Avec le Nouchi on ne dispose pas des mêmes facilités. Pas d´encyclopédies, pas de dictionnaires ou documentations d quelque forme que ce soit, pas de google….

Pour comprendre et expliquer les locutions verbales du Nouchi, on se sert obligatoirement des moyens du bord: un peu d´histoire, des témoignages recueillis ici et là, expérience personnelle,de logique et d´une bonne dose de connaissances des langues locales ivoiriennes et européennes (français, anglais et rarement espagnole). Ce sont pratiquement les seuls d´outils dont on dispose.

(Ce billet vient en complément de celui que j´avais écrit sur le Nouchi et que vous pouvez consulter ici)

Allons-y pour deux exemples. « Il gnimi kaba » ou encore « être en kaba » et « Je suis enjaillé » sont deux expressions qui sont couramment employées en Côte d´Ivoire par le plus grand nombre, particulièrement à Abidjan. Chacun sait de quoi il retourne.
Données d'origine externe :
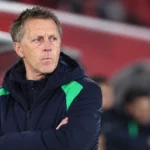Een coach in donkere sportkleding staat in de technische zone van een stadion.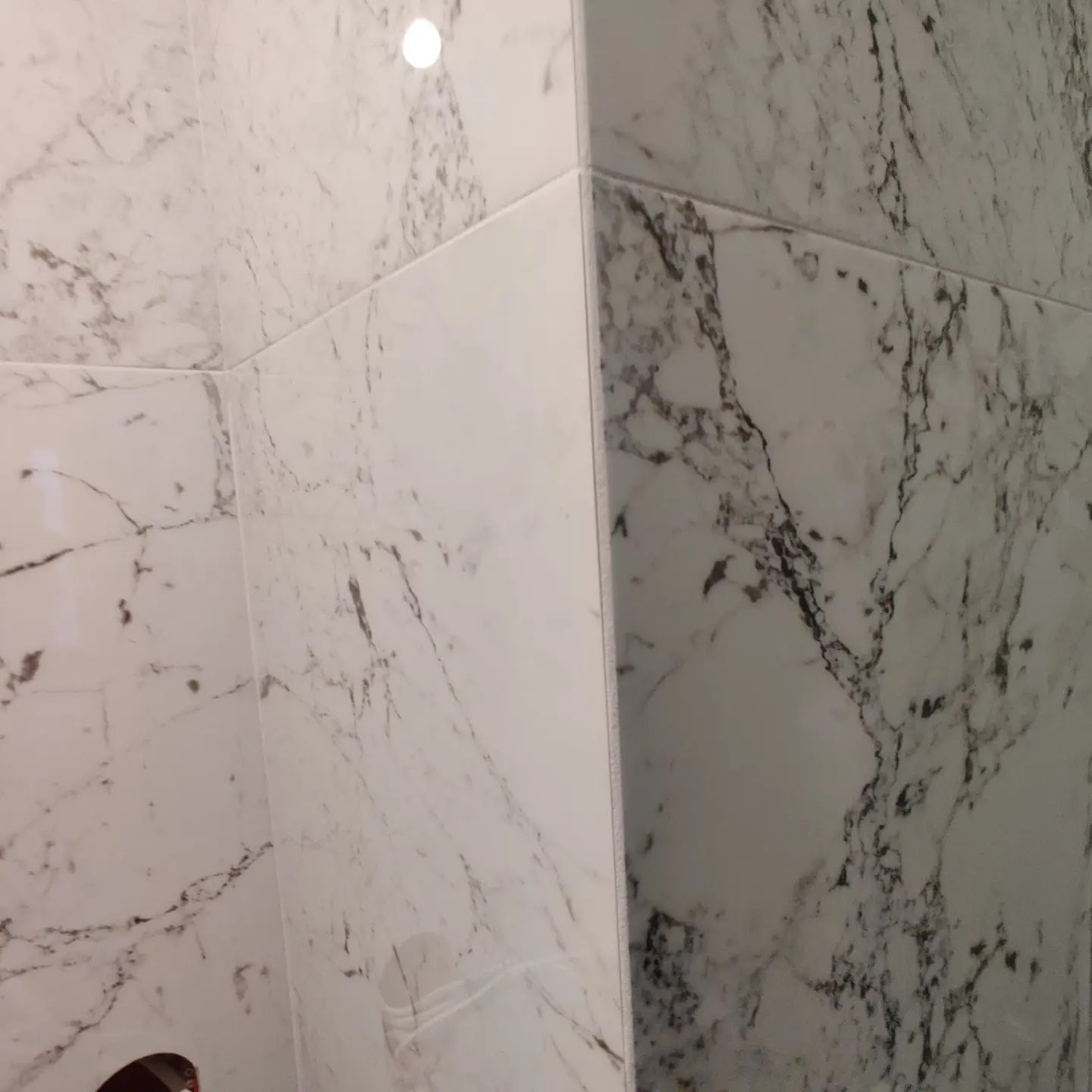 Ściana narożna wyłożona białymi płytkami imitującymi marmur w łazience w Chwaszczynie, widoczne precyzyjne fugi.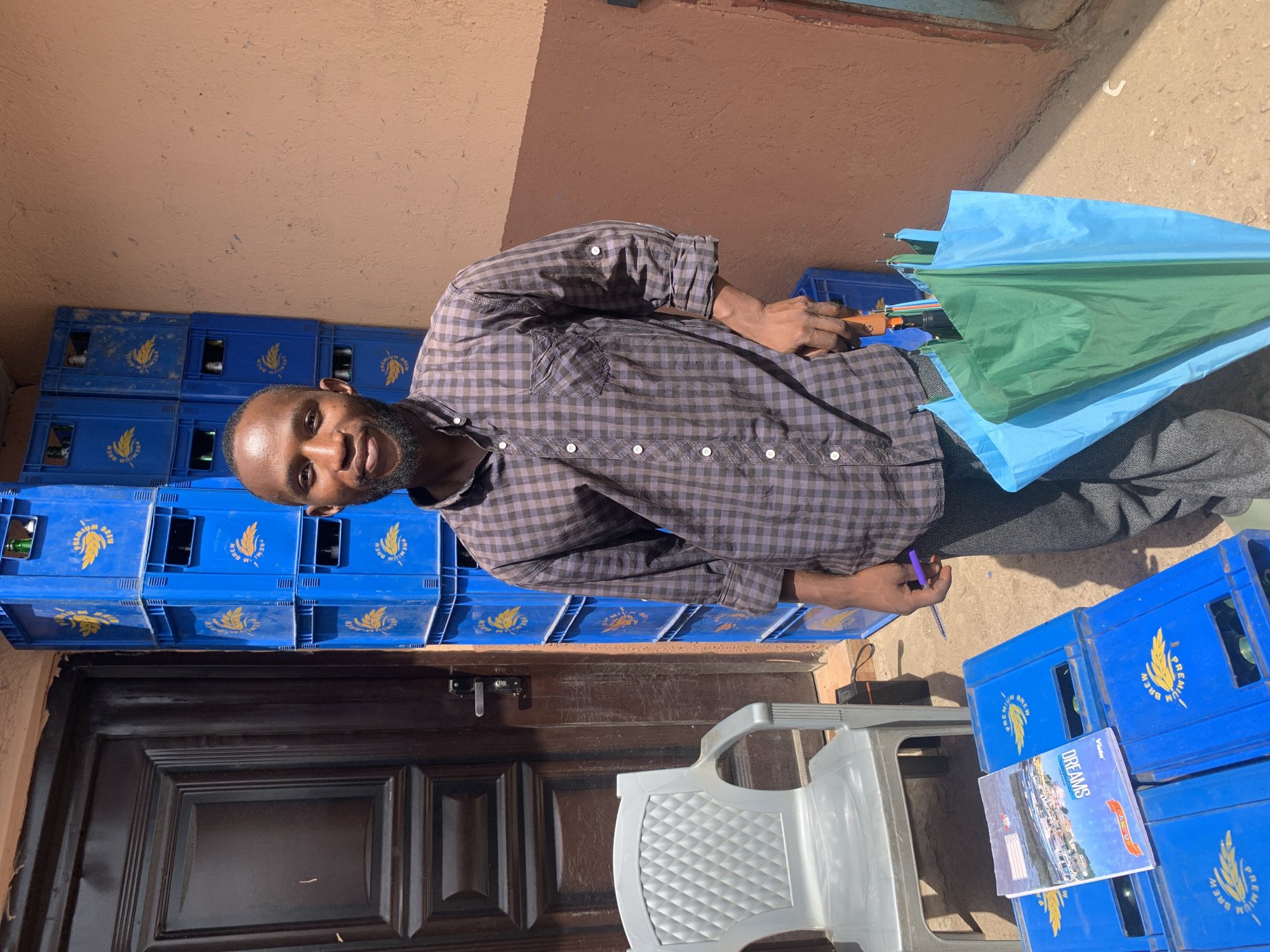 This outdoor daylight photograph captures a man standing amidst commercial crates and other objects, likely in Jos, Nigeria. The man, who appears to be of African descent, has a short beard and dark hair. He is wearing a dark checkered long-sleeved shirt and dark trousers, and is looking directly at the camera with a neutral expression. In his right hand, he holds a purple pen, while his left hand grips the handle of a partially folded umbrella with blue and green panels.
The setting includes a light brown wall in the background and a paved ground surface. To the man's left, a dark brown wooden door with paneling and a silver lock mechanism is visible. A prominent feature of the scene is the numerous blue plastic crates, stacked several high, which bear the text "PREMIUM BREW" and a golden wheat or barley emblem. Some of these crates appear to contain bottles. A light grey plastic chair is positioned near the door, and on top of some crates, a notebook with the title "DREAMS" (and "Vickson" brand) and an image of a coastal town is visible. The strong, direct sunlight indicates it is daytime, likely midday or early afternoon. The overall impression suggests a small business or a shop environment.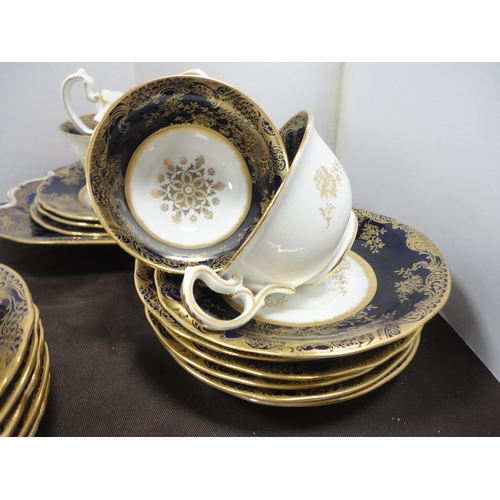 240 - Aynsley cobalt and gilt decorated part tea service.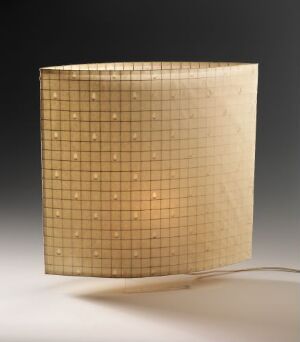  A square-shaped paper lamp by Irina Pått with a grid pattern illuminated from within, casting a warm, gentle glow on a neutral dark background with the power cord slightly visible at the base.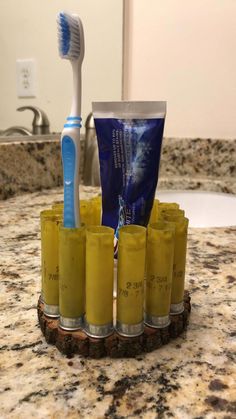 a toothbrush and some yellow cups on a marble counter with a sink in the background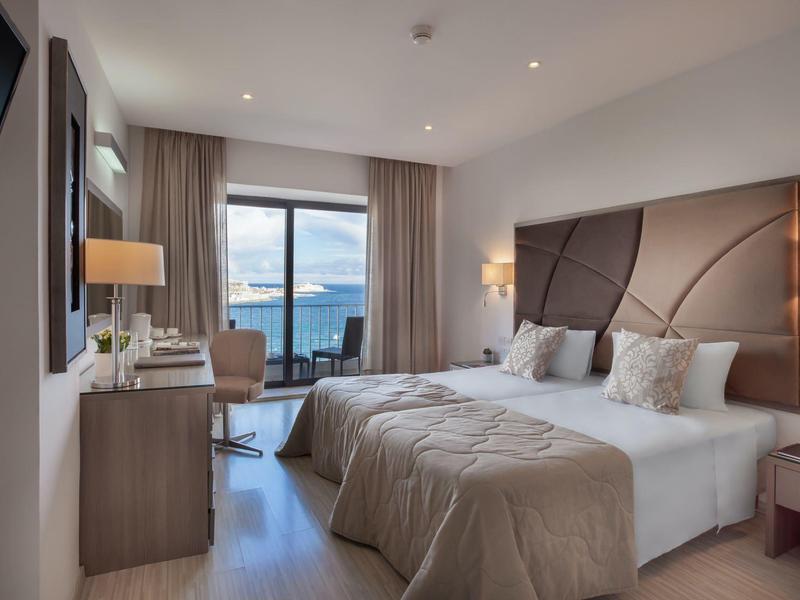 Camera d'hotel moderna con letto matrimoniale, scrivania, balcone e vista sul mare.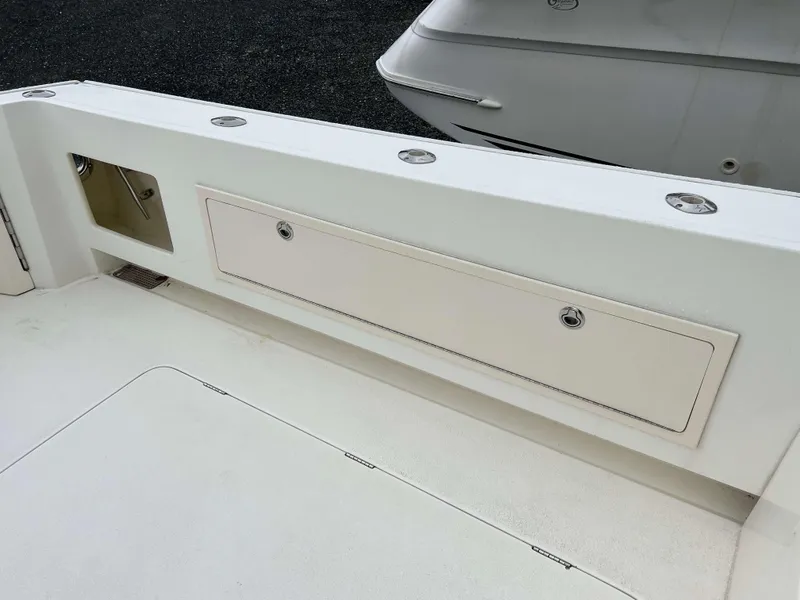 Slide: The Image of Henriques 50 Sportfisherman 2021 boat deck with storage compartments. - 6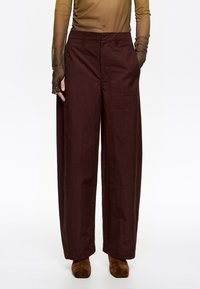 Laiene püksid sügavas burgundi värvi kangas. Omavad kõrget taljet ja küljetaskuid, sobitatud pruunide nahast ankle saapadega.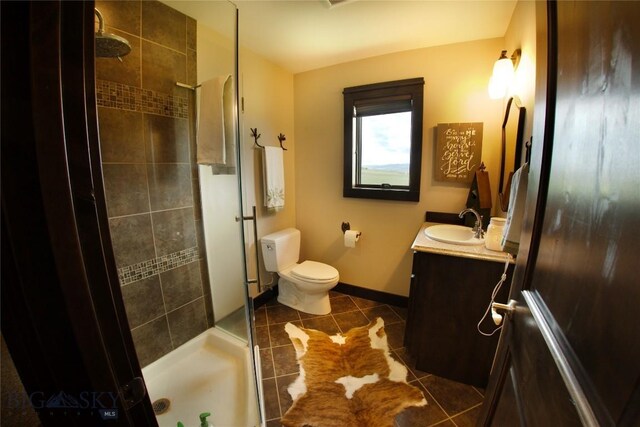 7 N Lewis And Clark Trl, Whitehall, MT 59759 - bathroom featuring vanity, a tile shower, and tile patterned floors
La première signifie « il est en taule », la seconde, plus fertile, « Je suis enthousiaste, mordu, fan… »

« Gnimi kaba »

Étymologiquement parlant, « gnimi kaba » est composé du verbe « gnimi » issu de la langue dioula et qui veut dire grignoter, mâcher, et du très polysémique substantif « kaba » qui signifie à la fois la pierre, la gale ou teigne (kroussa-kroussa) et le maïs.

Mais combien sommes-nous à pouvoir expliquer la genèse de cette expression? Je peux me tromper, mais je ne suis pas sûr qu´on soit nombreux. Le lien est d´autant plus difficile à établir que tout le monde ne parle pas lalangue dioula et, quand bien même ce serait le cas, cela n´impliquerait pas automatiquement la connaissance du contexte, de l´histoire, de la naissance… de cette expression.

D´aucuns disent qu´elle remonte à l´époque coloniale où, pour désigner la prison, les dioulas disaient « Kaba bôn » ou maison en dur, en pièrres, en béton…. Par opposition à leurs demeures faites de terre battue et de pailles ou de bois.
Avec le temps et avec les indépendances, quand les indigènes ont commencé eux-mêmes à habiter des maisons autres que celles en pailles et en terre battue, l´expression s´est adaptée au nouveau contexte pour décrire un endroit où les pensionnaires étaient essentiellement nourris au maïs (d´où grignoter du mais).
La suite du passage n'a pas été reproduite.